From 3d40750504556caf4f0765aca43bc582cc699885 Mon Sep 17 00:00:00 2001
From: Gabriel Rasskin <43894452+grasskin@users.noreply.github.com>
Date: Wed, 13 Mar 2024 15:50:00 +0000
Subject: [PATCH] Do not cast x

---
 keras_nlp/models/gemma/gemma_attention.py | 7 ++-----
 1 file changed, 2 insertions(+), 5 deletions(-)

diff --git a/keras_nlp/models/gemma/gemma_attention.py b/keras_nlp/models/gemma/gemma_attention.py
index f14ff79caf..e01c1f8ce4 100644
--- a/keras_nlp/models/gemma/gemma_attention.py
+++ b/keras_nlp/models/gemma/gemma_attention.py
@@ -92,9 +92,6 @@ def build(self, inputs_shape):
     def _apply_rope(self, x, positions):
         """Rope rotate q or k."""
         # TODO: refactor to use RotaryEmbedding layer?
-        x = ops.cast(
-            x, dtype="float32"
-        )  # Carry out rope in float32, then downcast
         max_wavelength = 10000
         x_shape = ops.shape(x)
         freq_exponents = (2.0 / x_shape[-1]) * ops.arange(
@@ -103,14 +100,14 @@ def _apply_rope(self, x, positions):
         timescale = max_wavelength**freq_exponents
         radians = positions[..., None] / timescale[None, None, :]

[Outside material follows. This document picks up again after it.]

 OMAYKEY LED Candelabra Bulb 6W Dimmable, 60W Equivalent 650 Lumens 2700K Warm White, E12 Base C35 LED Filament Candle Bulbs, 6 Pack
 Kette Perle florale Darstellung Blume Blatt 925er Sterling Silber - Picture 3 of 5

         radians = radians[..., None, :]
-        sin, cos = ops.sin(radians), ops.cos(radians)
+        sin = ops.cast(ops.sin(radians), self.compute_dtype)

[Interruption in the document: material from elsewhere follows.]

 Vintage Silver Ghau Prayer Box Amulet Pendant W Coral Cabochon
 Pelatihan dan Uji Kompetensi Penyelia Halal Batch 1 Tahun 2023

+        cos = ops.cast(ops.cos(radians), self.compute_dtype)
         x1, x2 = ops.split(x, 2, axis=-1)
         # Avoid `ops.concatenate` for now, to avoid a obscure bug with XLA
         # compilation on jax. We should be able to remove this once the
         # following PR is in all jax releases we care about:
         # https://github.com/openxla/xla/pull/7875
         output = ops.stack([x1 * cos - x2 * sin, x2 * cos + x1 * sin], axis=-1)
-        output = ops.cast(output, dtype=self.compute_dtype)
         return ops.reshape(output, x_shape)
 
     def _compute_attention(